Dankenswerth und vielleicht das Ansprechendste in der ganzen Arbeit ist eine daran sich schließende Vergleichung ausgewählter Stellen des Gedichtes mit der lat. Quelle, um Rudolfs Verhältniß zu derselben erkennen zu laßen. Dieser Punkt wäre natürlich noch einer ausführlicheren Behandlung fähig und wie es scheint nicht unwerth. Für den Hrn. Vf. ist er nur Mittel zum Zweck, und eine daran sich reihende Behandlung einzelner Stellen soll zeigen, daß auch innerhalb der Gruppen keine Hs. einen besondern Vorzug verdient. Zu berichtigen wäre auch hier mancherlei.

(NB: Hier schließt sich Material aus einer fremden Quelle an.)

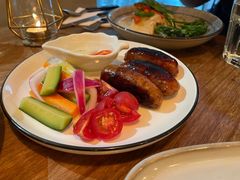 -Mesa Madre梅萨妈妈·Bintana(国贸店)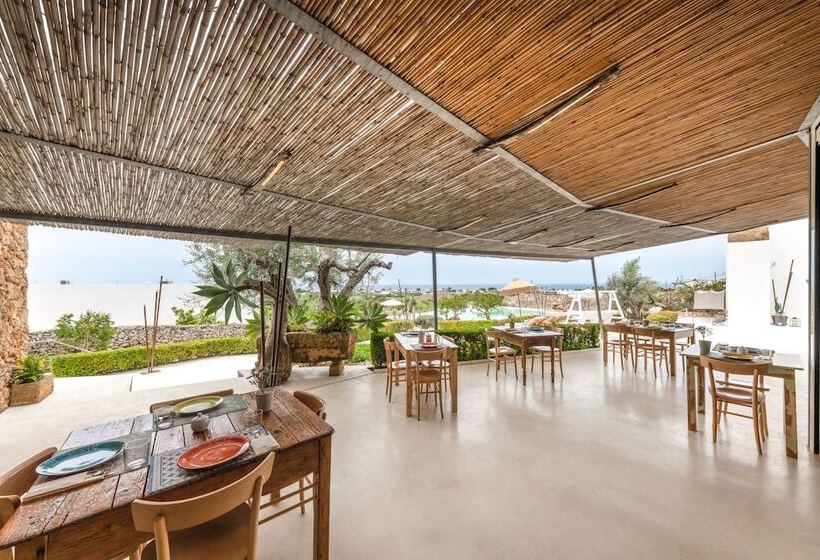 Отель Masseria Samenti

Die Untersuchung wendet sich nun den einzelnen Hss. und ihrer näheren Verwandtschaft innerhalb der Gruppen zu. Hier begeht der Hr. Vf. nur häufig

den Fehler, daß er der gemeinsamen Lesart der angeblich enger zusammenhängenden die übrigen Handschriften schlechtweg gegenüberstellt, ohne zu bemerken, daß eine oder mehrere der letztern jene als charakteristisch angeführte Lesart theilen. Auch begegnen wieder geradezu unrichtigen Angaben; so z. B. wenn 48, 21 gegenübergestellt wird BL smac, 'die andern Handschr.' waz, während in der That waz nur in AE steht, das Wort in DKabe a und in C diese und die folgende Zeile überhaupt fehlt, oder noch schlimmer 322, 18 BL von sorgen, die andern Handschr.' von muot, wo die letzte Lesart gar nicht existiert, vielmehr A von armit, K' v. not (Köpke S. 417 zu 319, 34) C= BL v. sorgen und DEK v. sorge lesen.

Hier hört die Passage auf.